Any shop steward will tell you that protecting workers’ rights on the job is both a mental and physical endeavor.

 

But those challenges were gradually magnified over the past decade for Middleton, Mass., Local 2321 member and former steward Lorraine Jasukonis, when a still-undiagnosed impairment began impeding her ability to walk. During that time, she became less able to perform operator services and dispatch duties at Verizon shops in the Bay State until her retirement in June 2009.

“I didn’t want to retire,” said Jasukonis, a 21-year Verizon employee:

It wasn’t on my agenda at all. I’d still be working if I wasn’t dealing with the disability. But getting where I needed to be was becoming just too difficult.

Since the onset of her condition, Jasukonis had gone from using a cane, then a walker and finally a motorized chair. Then, the harsh bite of the New England winter and its extreme snowfalls blocked steps leading from her front door to the driveway, making her only route out dangerously impassable. She became virtually housebound from last November to April.

Jasukonis knew that installing a ramp outside the front door would make a monumental difference. But it was also prohibitively expensive.

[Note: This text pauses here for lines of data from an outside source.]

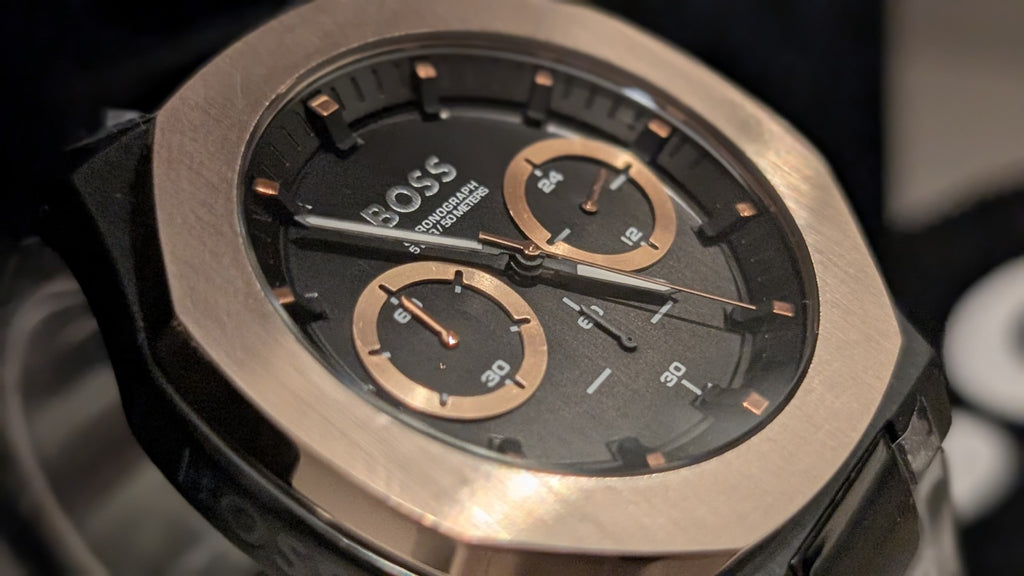 Hugo Boss Taper Men’s 45mm Black/Brass Bezel Two-Tone 1514090 Brand New 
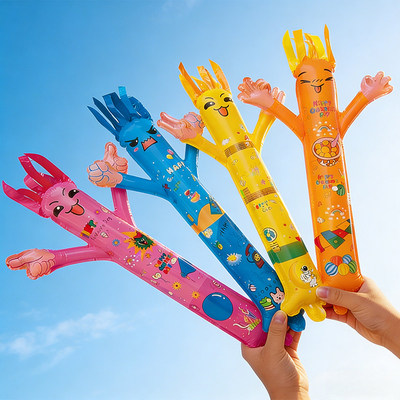 学校运动会手持加油棒儿童铃铛卡通充气球助威班级幼儿园氛围道具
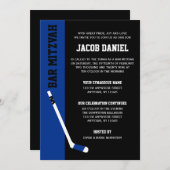Blue Black Hockey Bar Mitzvah-uitnodigingen Kaart (Voorkant / Achterkant)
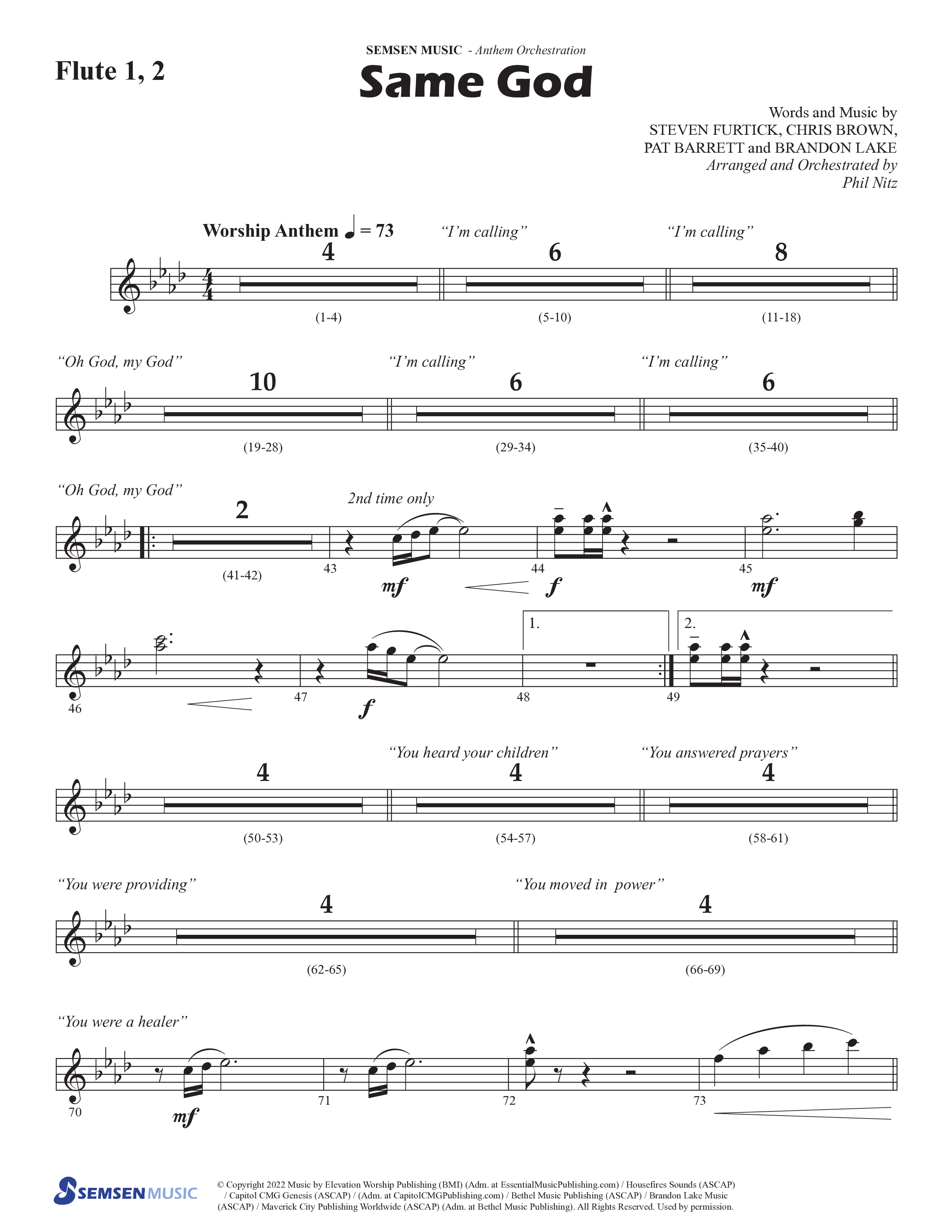 Same God (Choral Anthem SATB) Flute 1/2 (Semsen Music / Arr. Phil Nitz)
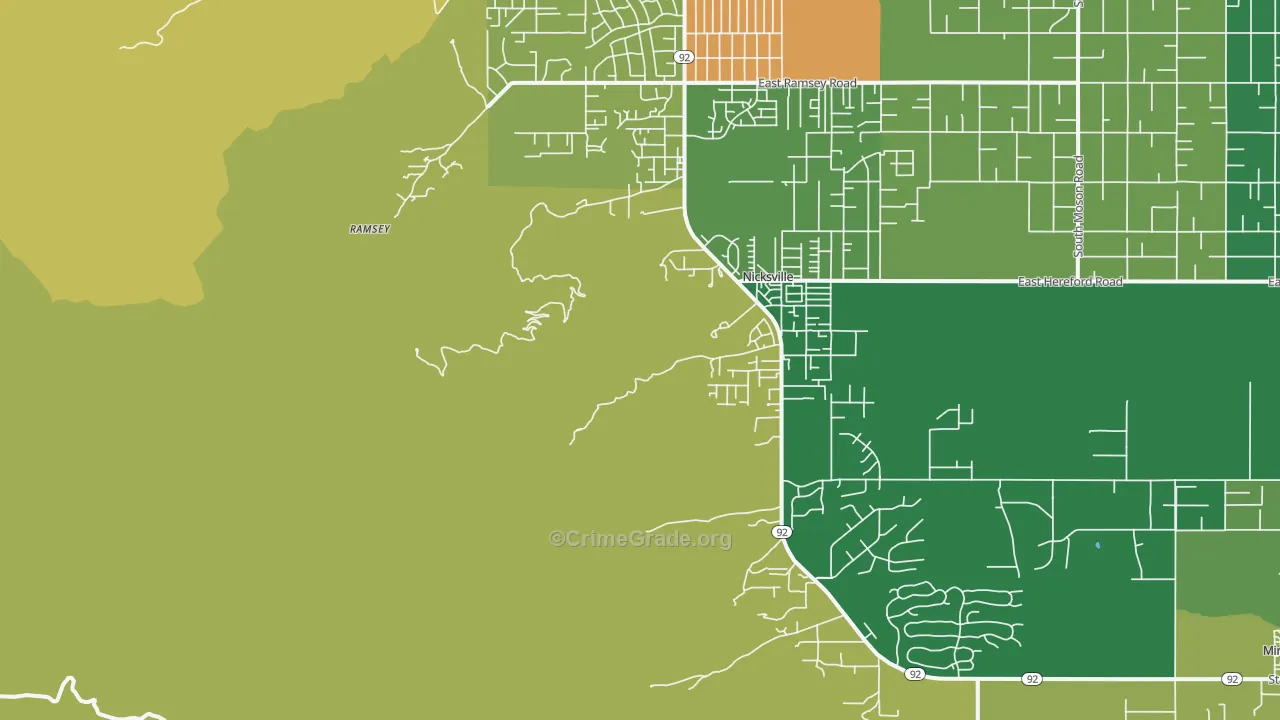 Nicksville, AZ Map of Vandalism Rates
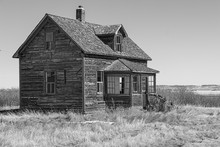 Old Prairie Farmhouse In Black And White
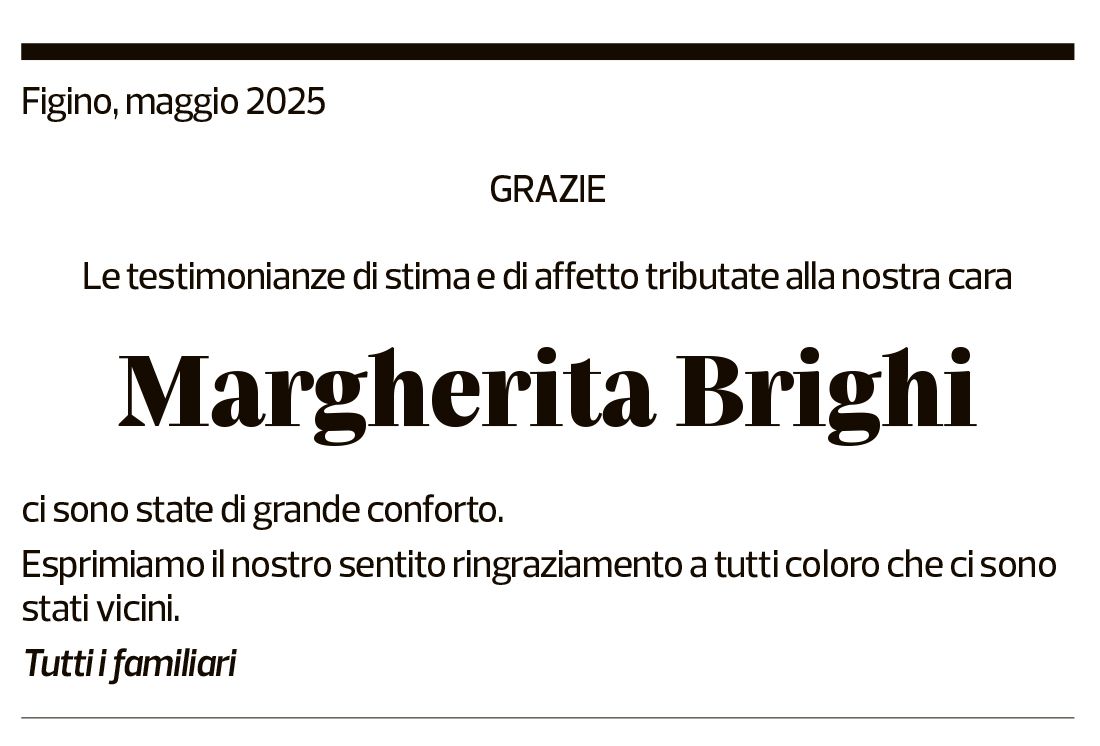 Annuncio funebre Margherita Brighi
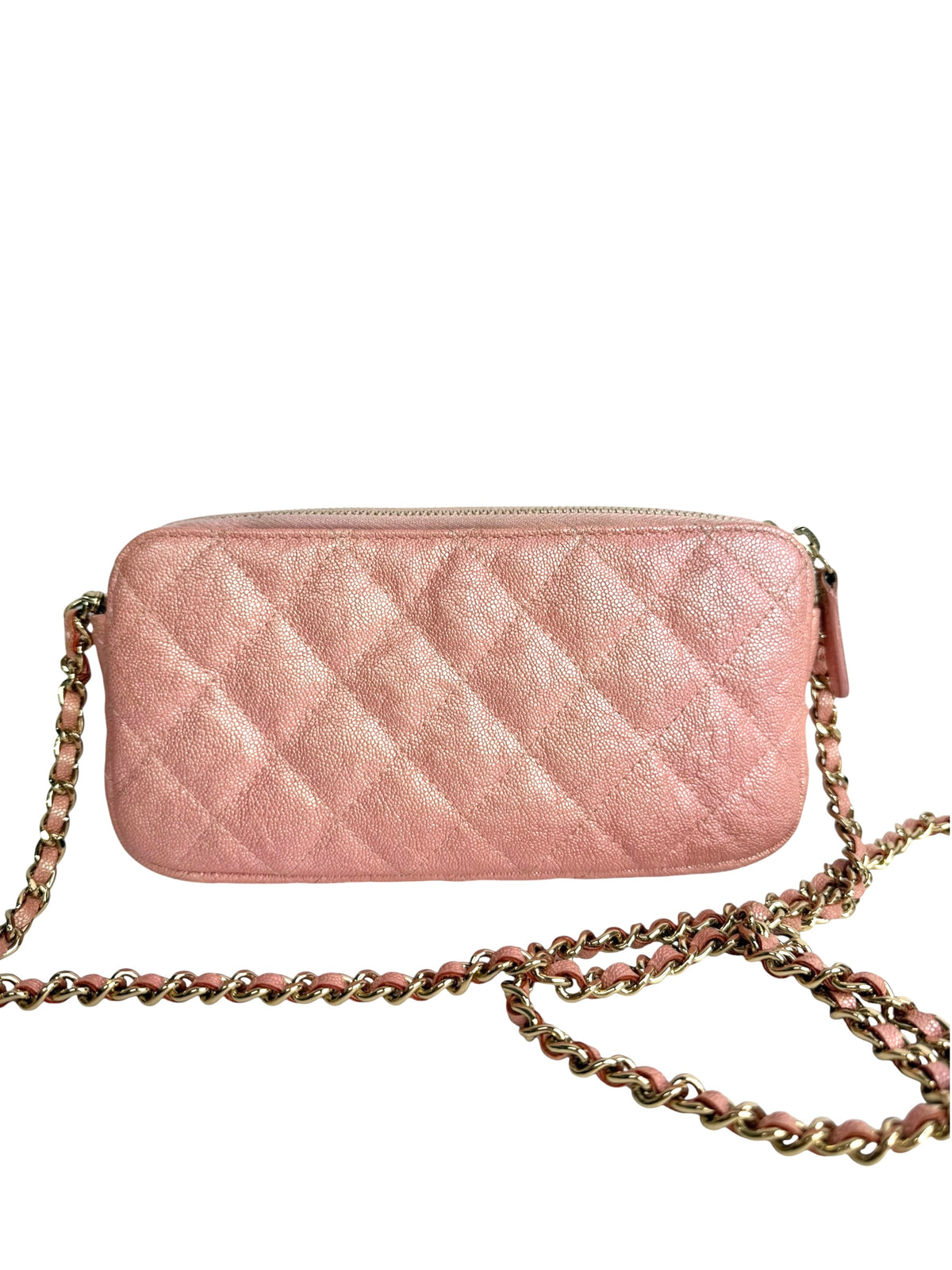 Chanel Small Iridescent Pink Double Zip Clutch With Chain T9156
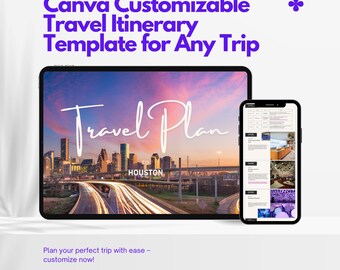 Customizable Travel Itinerary Template | Editable Canva Planner for Any Trip | Instant Download"**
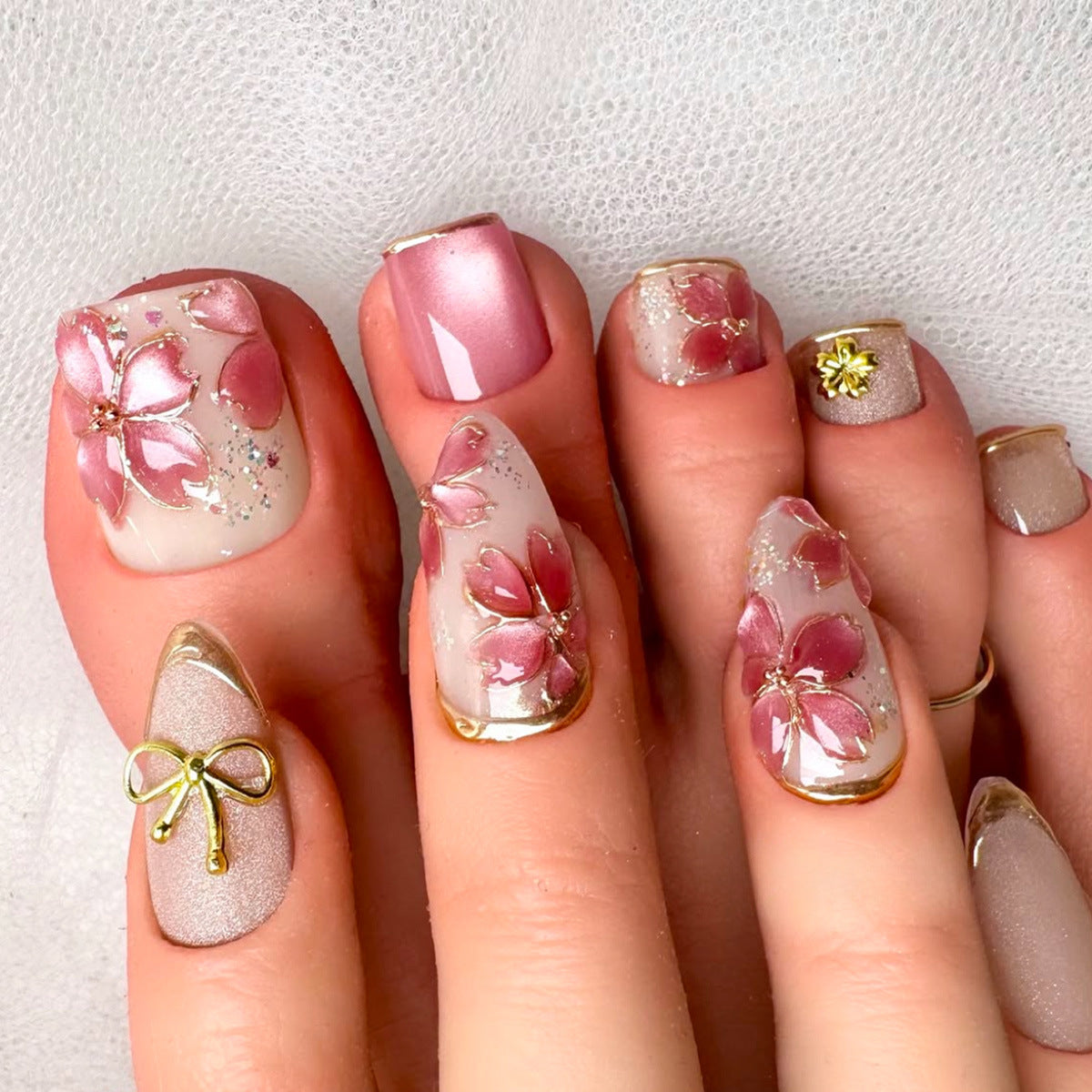 Floral Design Gel Nail Art Acalora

“She contacted various state and municipal agencies to assist her, but to no avail,” said Paul Ward, International Representative for the Second District:

When it appeared that there was little the state could do, she did what many IBEW members do: she contacted her union for help.

That started the gears moving early this year on a project that would eventually involve union members from throughout the county to build a sturdy, reliable ramp outside Jasukonis’ home.

IBEW leaders networked with various agencies, eventually connecting with some Worcester International Firefighters Association Local 1009 members who were part of a United Way community service initiative. The “Ramp Gang,” as the firefighters are commonly called, installs ramps for individuals within the purview Central Massachusetts Labor Council area. The team built 15 last year and six so far this year.

Though she lived outside of the council’s area, the volunteers were willing to travel beyond their territory because of Jasukonis’ IBEW membership, the union’s close ties within the CLC and the continued activism and reputation of three area IBEW locals – Worcester Locals 96 and 2325 and Waltham Local 1505.

On July 6, about 20 firefighters from Worcester and Templeton arrived at Jasukonis’ home in trucks full of lumber, handsaws and other power tools.

After about four hours of measuring, cutting, nailing and sanding, the project was complete. Jasukonis piloted her chair down the ramp and into the morning air for the first time. She left her porch and got her own mail from the mailbox for the first time in three years:

I hadn’t been able to safely go outside in so long. It felt like I was being released.

Jasukonis praised the effort of various union leaders who provided support to get the project from dream to reality, including Ward; Second District International Vice President Frank Carroll; Telecommunications Department Director Martha Pultar; former Local 1505 Business Manager George Noel; and Bob Bower, political director for the state AFL-CIO and an officer for the Central Massachusetts Labor Council. Said Jasukonis:

I am so grateful and happy that these wonderful people could help me. They’ll never know how thankful I am.